Re: [RFC PATCH 01/20] fat: Fix iocharset=utf8 mount option

From: OGAWA Hirofumi
Date: Sun Aug 15 2021 - 07:23:20 EST


To: Pali Rohár <pali@xxxxxxxxxx>
Cc: linux-fsdevel@xxxxxxxxxxxxxxx, linux-ntfs-dev@xxxxxxxxxxxxxxxxxxxxx, linux-cifs@xxxxxxxxxxxxxxx, jfs-discussion@xxxxxxxxxxxxxxxxxxxxx, linux-kernel@xxxxxxxxxxxxxxx, Alexander Viro <viro@xxxxxxxxxxxxxxxxxx>, Jan Kara <jack@xxxxxxx>, "Theodore Y . Ts'o" <tytso@xxxxxxx>, Luis de Bethencourt <luisbg@xxxxxxxxxx>, Salah Triki <salah.triki@xxxxxxxxx>, Andrew Morton <akpm@xxxxxxxxxxxxxxxxxxxx>, Dave Kleikamp <shaggy@xxxxxxxxxx>, Anton Altaparmakov <anton@xxxxxxxxxx>, Pavel Machek <pavel@xxxxxx>, Marek Behún <marek.behun@xxxxxx>, Christoph Hellwig <hch@xxxxxxxxxxxxx>
Subject: Re: [RFC PATCH 01/20] fat: Fix iocharset=utf8 mount option
From: OGAWA Hirofumi <hirofumi@xxxxxxxxxxxxxxxxxx>
Gcc: nnimap+ibmpc.myhome.or.jp:Sent
--text follows this line--
To: Pali Rohár <pali@xxxxxxxxxx>
Cc: linux-fsdevel@xxxxxxxxxxxxxxx, linux-ntfs-dev@xxxxxxxxxxxxxxxxxxxxx, linux-cifs@xxxxxxxxxxxxxxx, jfs-discussion@xxxxxxxxxxxxxxxxxxxxx, linux-kernel@xxxxxxxxxxxxxxx, Alexander Viro <viro@xxxxxxxxxxxxxxxxxx>, Jan Kara <jack@xxxxxxx>, "Theodore Y . Ts'o" <tytso@xxxxxxx>, Luis de Bethencourt <luisbg@xxxxxxxxxx>, Salah Triki <salah.triki@xxxxxxxxx>, Andrew Morton <akpm@xxxxxxxxxxxxxxxxxxxx>, Dave Kleikamp <shaggy@xxxxxxxxxx>, Anton Altaparmakov <anton@xxxxxxxxxx>, Pavel Machek <pavel@xxxxxx>, Marek Behún <marek.behun@xxxxxx>, Christoph Hellwig <hch@xxxxxxxxxxxxx>
Subject: Re: [RFC PATCH 01/20] fat: Fix iocharset=utf8 mount option
From: OGAWA Hirofumi <hirofumi@xxxxxxxxxxxxxxxxxx>
Gcc: nnimap+ibmpc.myhome.or.jp:Sent
--text follows this line--
Pali Rohár <pali@xxxxxxxxxx> writes:

>> This change is not equivalent to utf8=1. In the case of utf8=1, vfat
>> uses iocharset's conversion table and it can handle more than ascii.
>>
>> So this patch is incompatible changes, and handles less chars than
>> utf8=1. So I think this is clean though, but this would be regression
>> for user of utf8=1.
>
> I do not think so... But please correct me, as this code around is mess.
>
> Without this change when utf8=1 is set then iocharset= encoding is used
> for case-insensitivity implementation (toupper / tolower conversion).
> For all other parts are use correct utf8* conversion functions.
>
> But you use touppper / tolower functions from iocharset= encoding on
> stream of utf8 bytes then you either get identity or some unpredictable
> garbage in utf8. So when comparing two (different) non-ASCII filenames
> via this method you in most cases get that filenames are different.
> Because converting their utf8 bytes via toupper / tolower functions from
> iocharset= encoding results in two different byte sequences in most
> cases.

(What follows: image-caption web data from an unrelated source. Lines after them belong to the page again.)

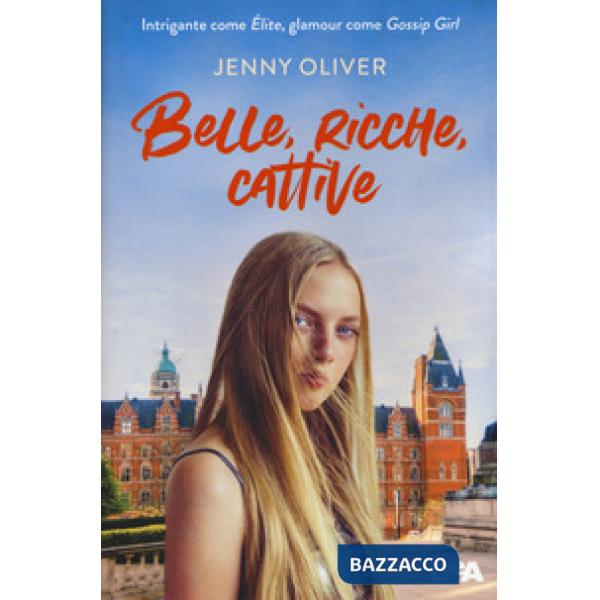 Belle, ricche, cattive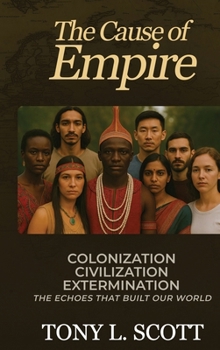 The Cause of Empire Colonization, Civilization, Extermination - The Echoes That Built Our World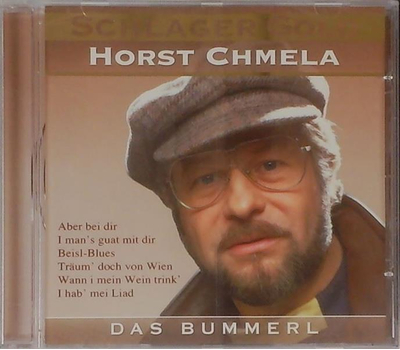 Horst Chmela - Das Bummerl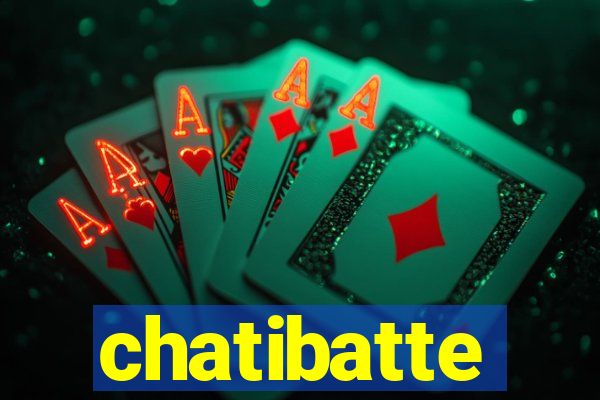 chatibatte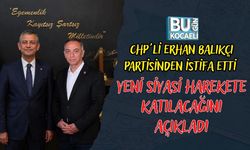 CHP'Lİ ERHAN BALIKÇI PARTİSİNDEN İSTİFA ETTİ YENİ SİYASİ HAREKETE KATILACAĞINI AÇIKLADI
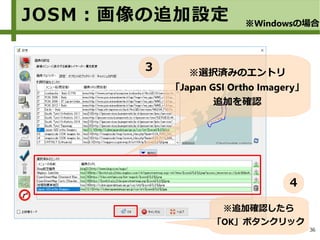 36
※選択済みのエントリ
「Japan GSI Ortho Imagery」
追加を確認
JOSM：画像の追加設定 ※Windowsの場合
３
※追加確認したら
「OK」ボタンクリック
４
 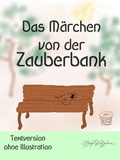 Cover: Das M&auml;rchen von der Zauberbank (Textversion - ohne Illustrationen) - epubli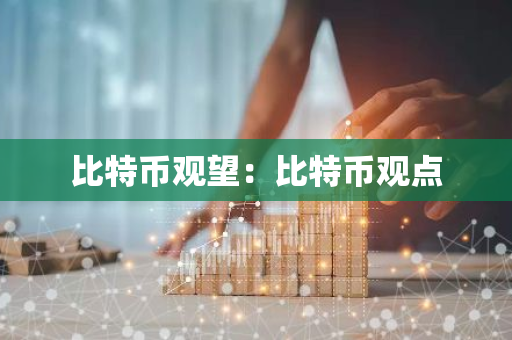 比特币观望:比特币观点-第1张图片-智财锋资讯网 比特币观望:比特币观点-第1张图片-智财锋资讯网
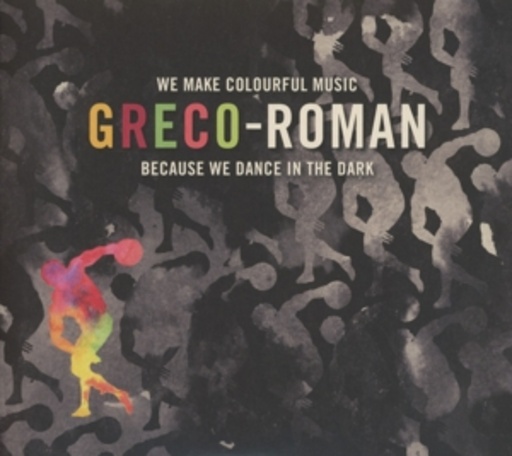 Diverse – Greco-Roman: We Make Colourful Music Because We Dance In The Dark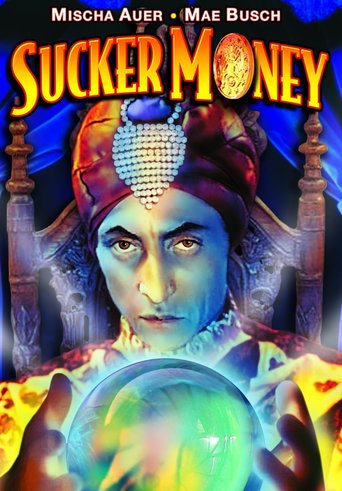 Poster for the movie "Sucker Money"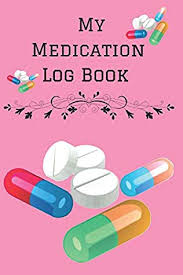 My Medication Log Book Personalized Medication Reminder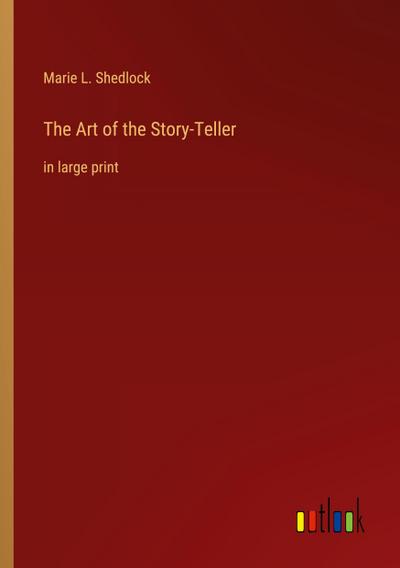 The Art of the Story-Teller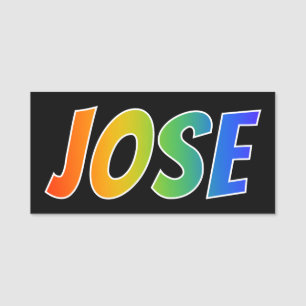 Vorname "JOSE": Spaß-Regenbogen-Farbton Namensschild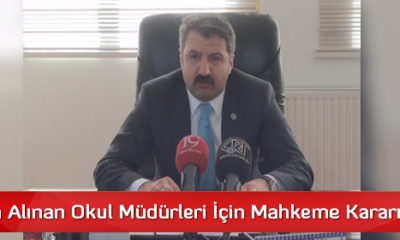 Görevden Alınan Okul Müdürleri İçin Mahkeme Kararını Verdi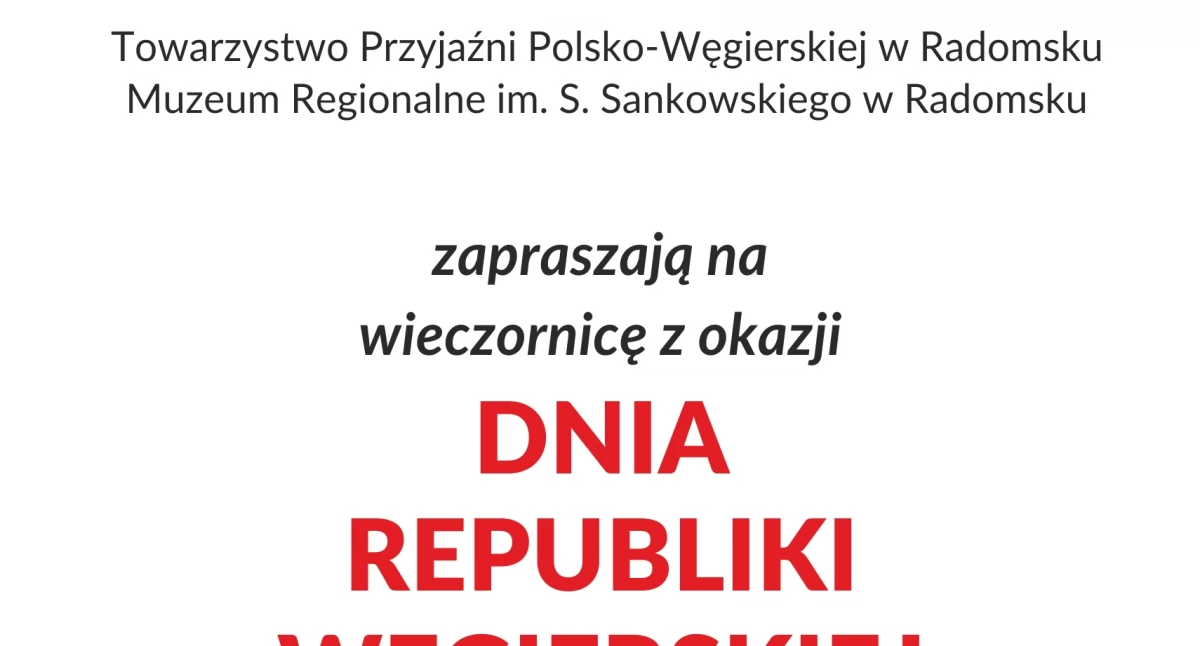 Imprezy, Dzień Republiki Węgierskiej Towarzystwo Przyjaźni Polsko Węgierskiej Radomsku zaprasza wieczornicę - zdjęcie, fotografia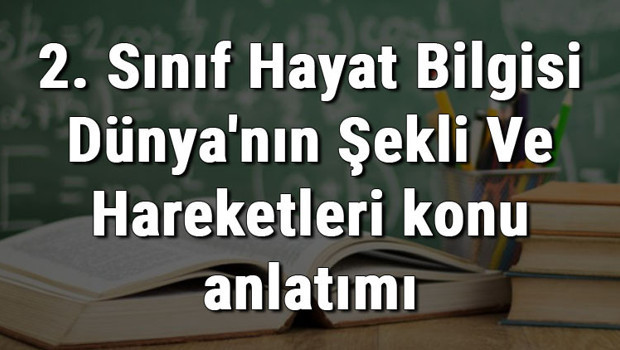 2. Sınıf Hayat Bilgisi Dünya'nın Şekli Ve Hareketleri konu anlatımı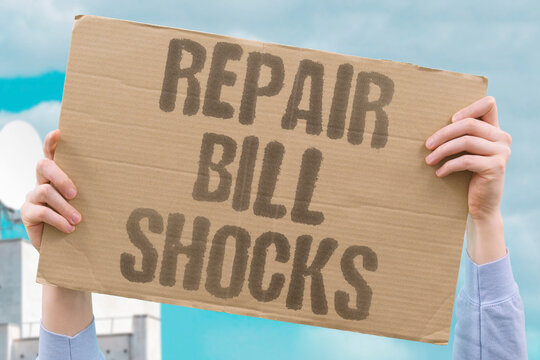 "Repair bill shocks" Unexpected service costs disrupt budgets. REPAIR. BILL. SHOCK. BUDGET. UNEXPECTED.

Even for two utf8 case-insensitive same strings.
>
> But you can play with it and I guess it is possible to find two
> different utf8 strings which after toupper / tolower conversion from
> some iocharset= encoding would lead to same byte sequence.
>
> This patch uses for utf8 tolower / touppser function simple 7-bit
> tolower / toupper ascii function. And so for 7-bit ascii file names
> there is no change.
>
> So this patch changes behavior when comparing non 7-bit ascii file
> names, but only in cases when previously two different file names were
> marked as same. As now they are marked correctly as different. So this
> is changed behavior, but I guess it is bug fix which is needed.
> If you want I can put this change into separate patch.
>
> Issue that two case-insensitive same files are marked as different is
> not changed by this patch and therefore this issue stay here.

OK, sure. utf8 looks like broken than I was thinking (although user can
use iocharset=ascii and utf8=1 for this). The code might be better to
clean up a bit more though, looks like good basically.

One thing, please update FAT_DEFAULT_IOCHARSET help in Kconfig and
Documentation/filesystems/vfat.rst (with new warning about iocharset=utf8).

Thanks.
--
OGAWA Hirofumi <hirofumi@xxxxxxxxxxxxxxxxxx>